Józef Piłsudski: kiedyś łączył, teraz dzieli

Nie wiadomo czy w Krośnie stanie pomnik Józefa Piłsudskiego. Pomysł, aby wybudować pomnik Marszałka pochodzi jeszcze z 1935 roku. Wówczas idea ta zintegrowała wielu mieszkańców Krosna. Dziś pomnik dzieli krośnian i władze miasta.
Jeden z projektów pomnika Józefa Piłsudskiego

Marszałek Józef Piłsudski, dzięki któremu Polska odzyskała niepodległość w 1918 r., zmarł 12 maja 1935 r. W całej Polsce zapanował smutek, a w wielu miejscach odbyły się symboliczne uroczystości pogrzebowe i żałobne. Ciało Wielkiego Wodza spoczęło 18 maja 1935 r. w kryptach królewskich na Wawelu. Pisano wówczas: "wszedł między królów i był im równy".

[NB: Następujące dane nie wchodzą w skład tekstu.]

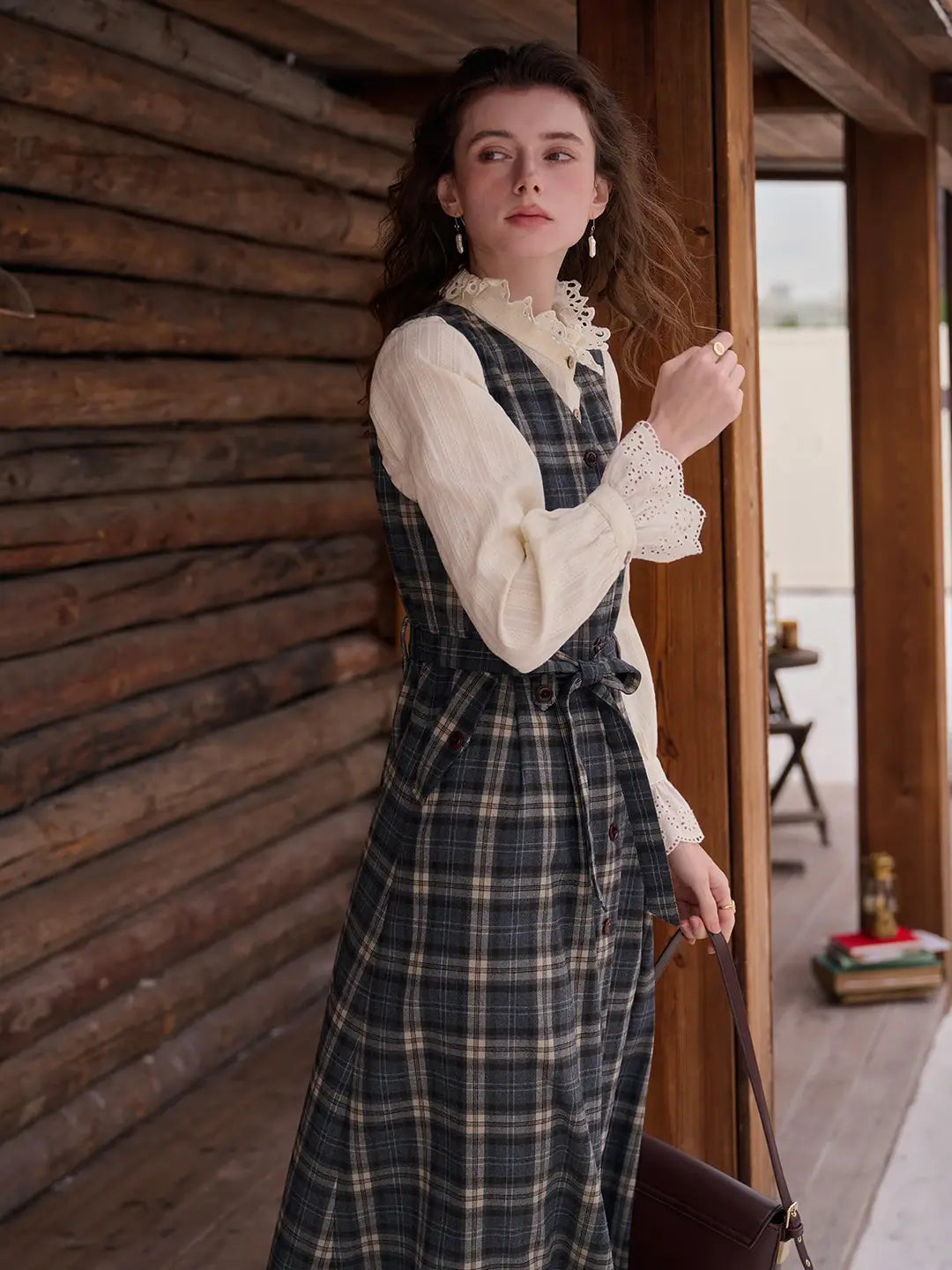 Azaria V-Neck Plaid Dress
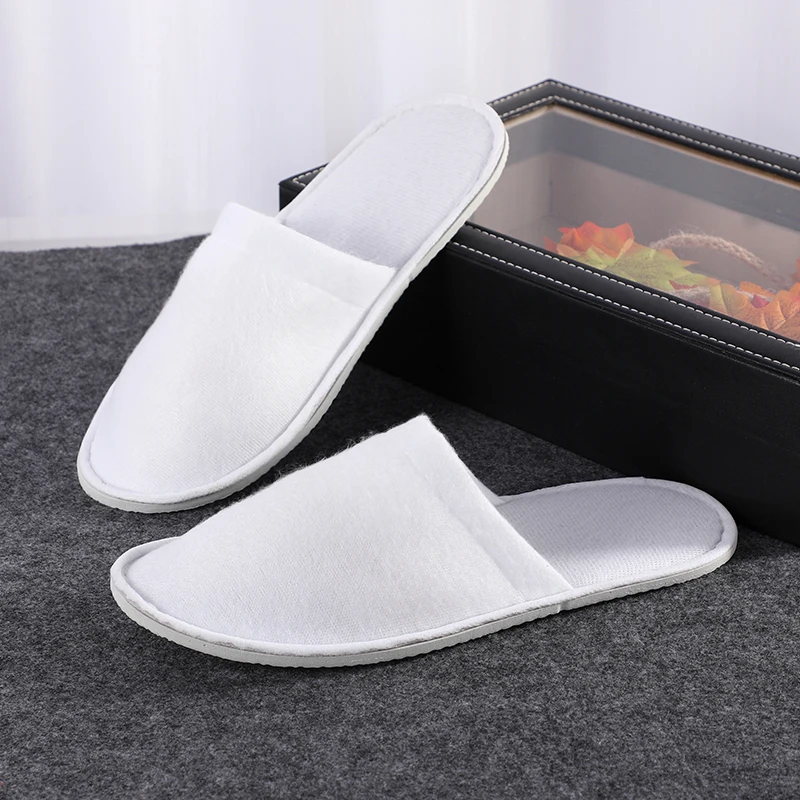 Disposable Linen and Coral Fleece Hotel Slippers Adult Recyclable Travel Slippers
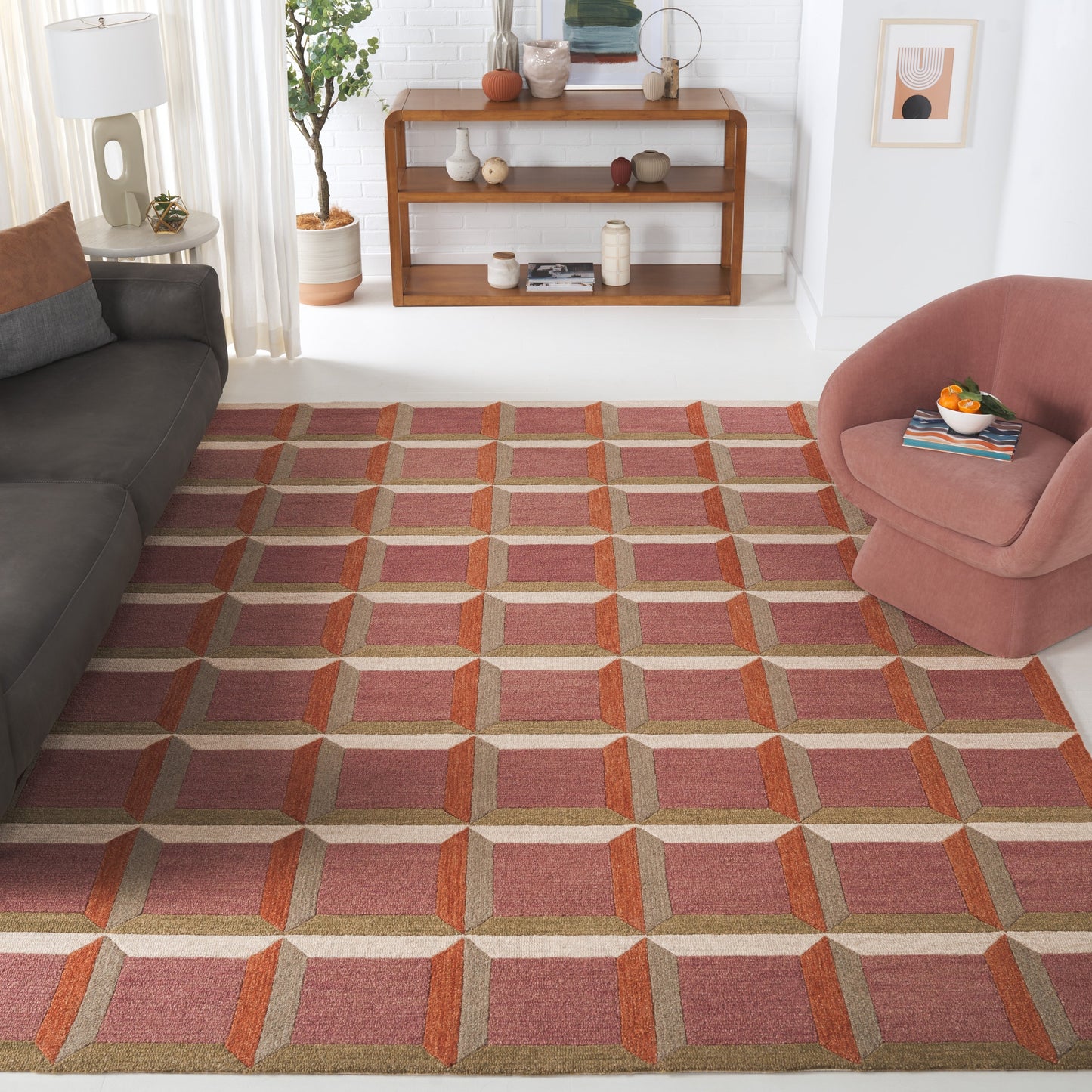 Tapis en laine SAFAVIEH fait main, style Hikariko, style moderne du milieu du siècle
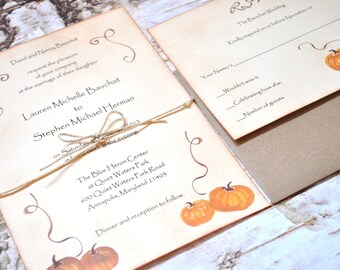 Pumpkin Wedding Invitations, Rustic Wedding Invitations, Invites, Fall Wedding Autumn Wedding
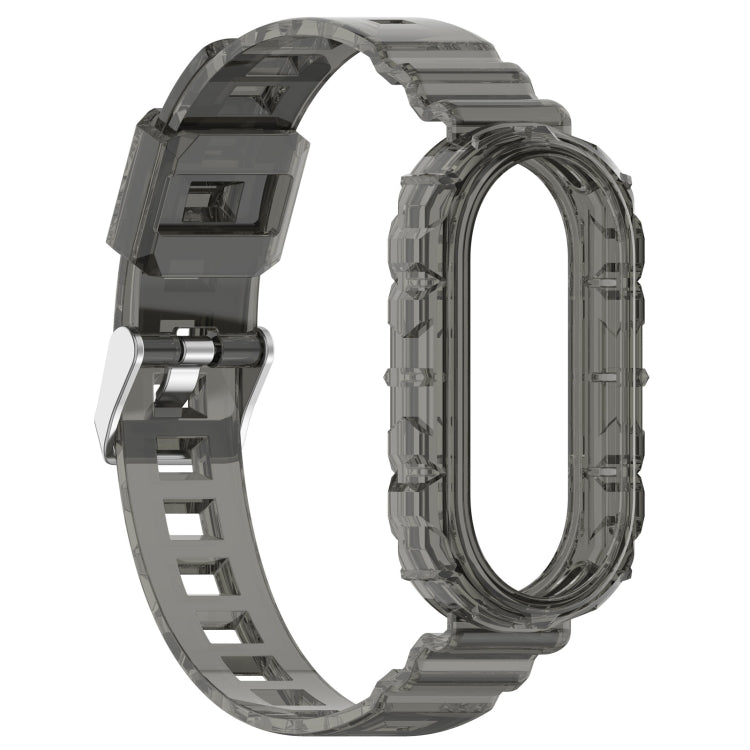 For Xiaomi Mi Band 8 Integrated Transparent Silicone Watch Band(Black)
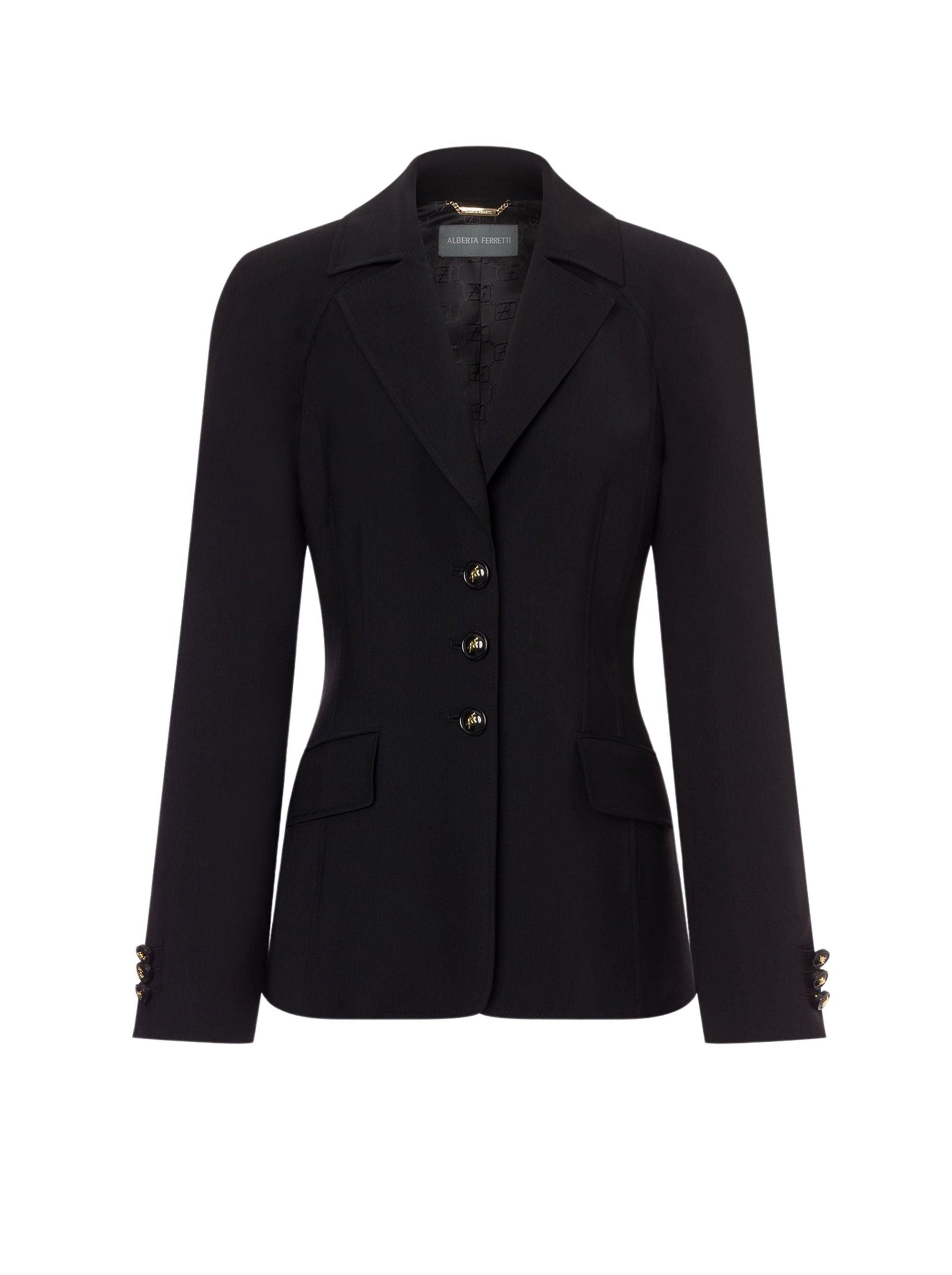 Veste en laine stretch avec boutons - Black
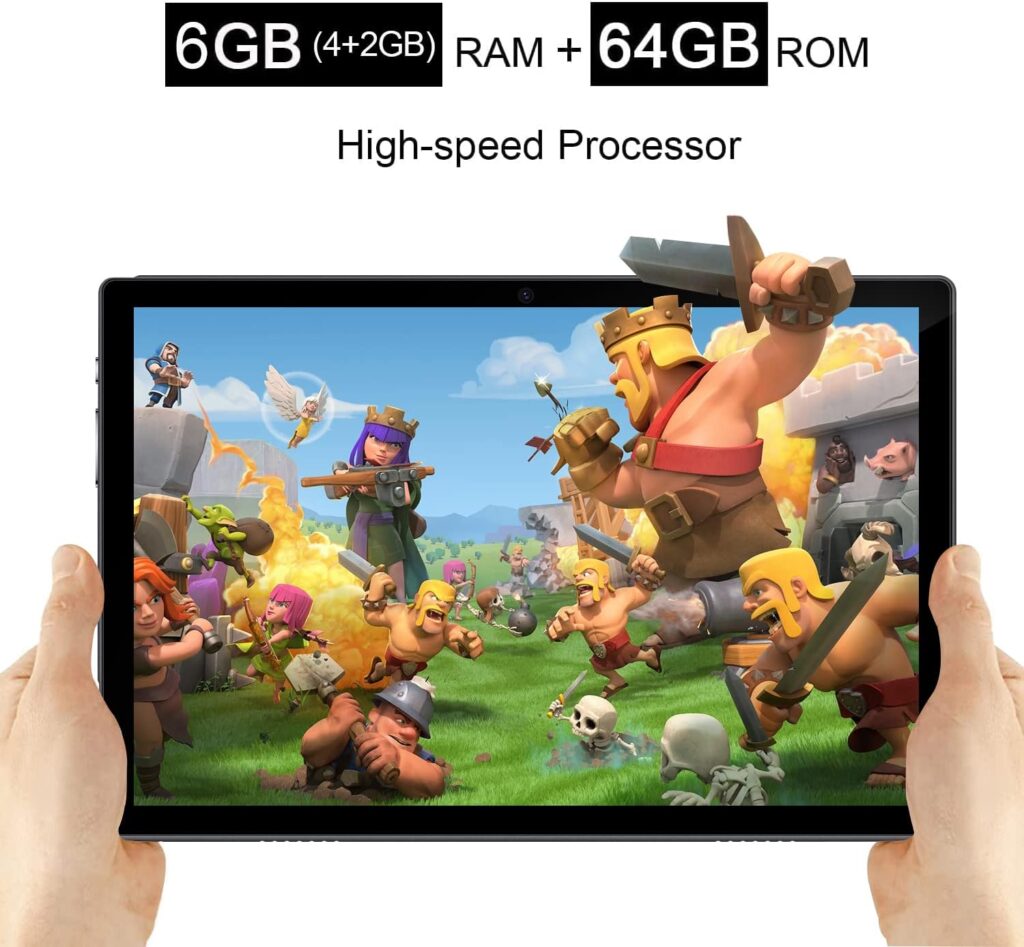 Android Tablet 10 inch, Android 12 Tablet, 6GB RAM 64GB ROM, 512GB Expand Android Tablet with Dual Camera, 5G  2.4G WiFi, Bluetooth, 8000mAh, HD Touch Screen, Google GMS Certified(Black)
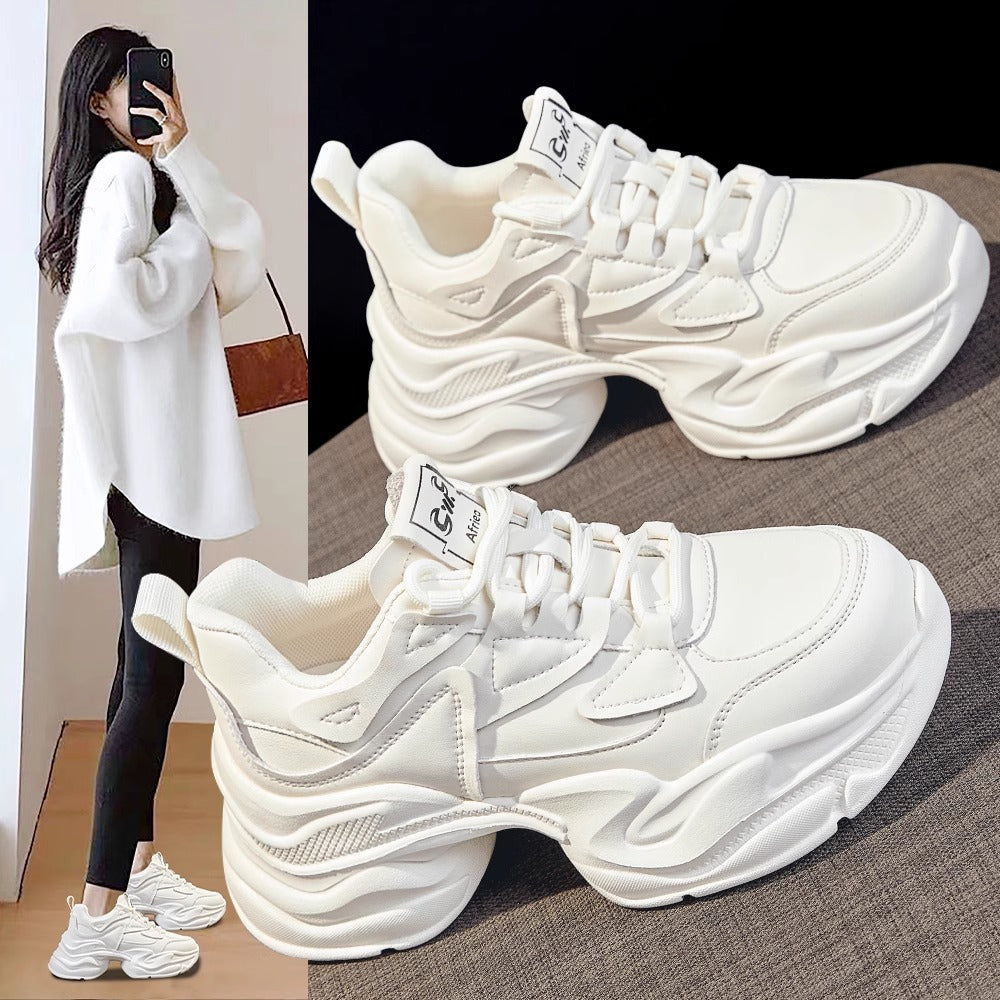 Damen modische Chunky Sneakers mit atmungsaktiver Oberflächenstruktur R&B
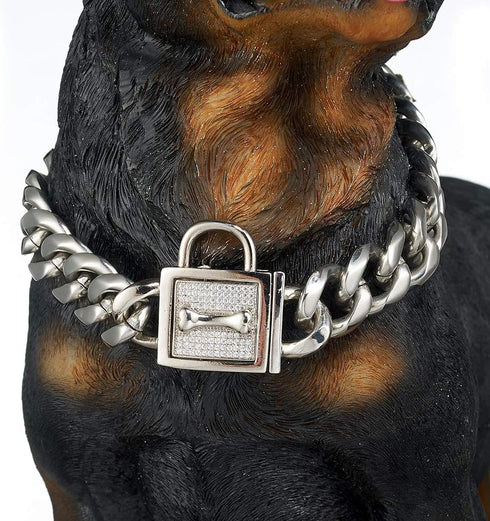 Dog Chain Collar with Cubic Zirconia Locking, High Polished Stainless Steel Cuban Link, 18" for Small Medium Dogs
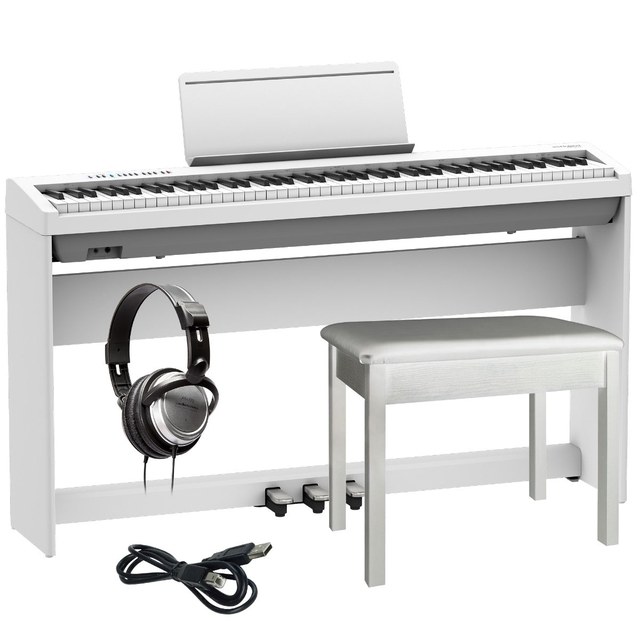 Roland FP-30X Digital Piano - White COMPLETE HOME BUNDLE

Również na krośnieńskim Rynku odbyły się uroczystości pogrzebowe z wystawionym przed ratuszem popiersiem Marszałka (patrz ramka na dole strony). Kilka dni później, 23 maja 1935 r., grupa krośnian związana z Radą Miejską Krosna zawiązała komitet budowy pomnika Marszałka Józefa Piłsudskiego. Na czele komitetu budowy stanęli: ówczesny burmistrz Krosna Jędrzej Krukierek oraz sekretarz Józef Wachal. Na posiedzeniu żałobnym Rady Miejskiej podjęto uchwałę o budowie pomnika Marszałka.

Zbigniew Ungeheuer

Przedwojenną odezwę komitetu odnaleźli Zbigniew Ungeheuer (prezes stowarzyszenia Portius - na zdjęciu obok) i Andrzej Kołder (gospodarz zamku Kamieniec w Odrzykoniu). - Dlaczego pomnik nie został zbudowany - tego nie wiemy. Najprawdopodobniej przeszkodziła w tym wojna - mówi Zbigniew Ungeheuer, jeden z założycieli współczesnego Obywatelskiego Komitetu Budowy Pomnika Marszałka Józefa Piłsudskiego w Krośnie.

Popiersie Piłsudskiego

Inicjatorzy budowy pomnika dotarli też do gipsowego modelu podobizny Wodza (zdjęcie obok). Rzeźba pochodzi z około 1930 roku, a jej autorem jest artysta rzeźbiarz Kubicki. Popiersie przechowywane było w szkole w Węglówce (gm. Korczyna). Kiedy wybuchła II Wojna Światowa rzeźba została schowana przed Niemcami. Po wojnie, aż do stanu wojennego w 1981 r., ukrywana była w różnych budynkach w okolicach Krosna.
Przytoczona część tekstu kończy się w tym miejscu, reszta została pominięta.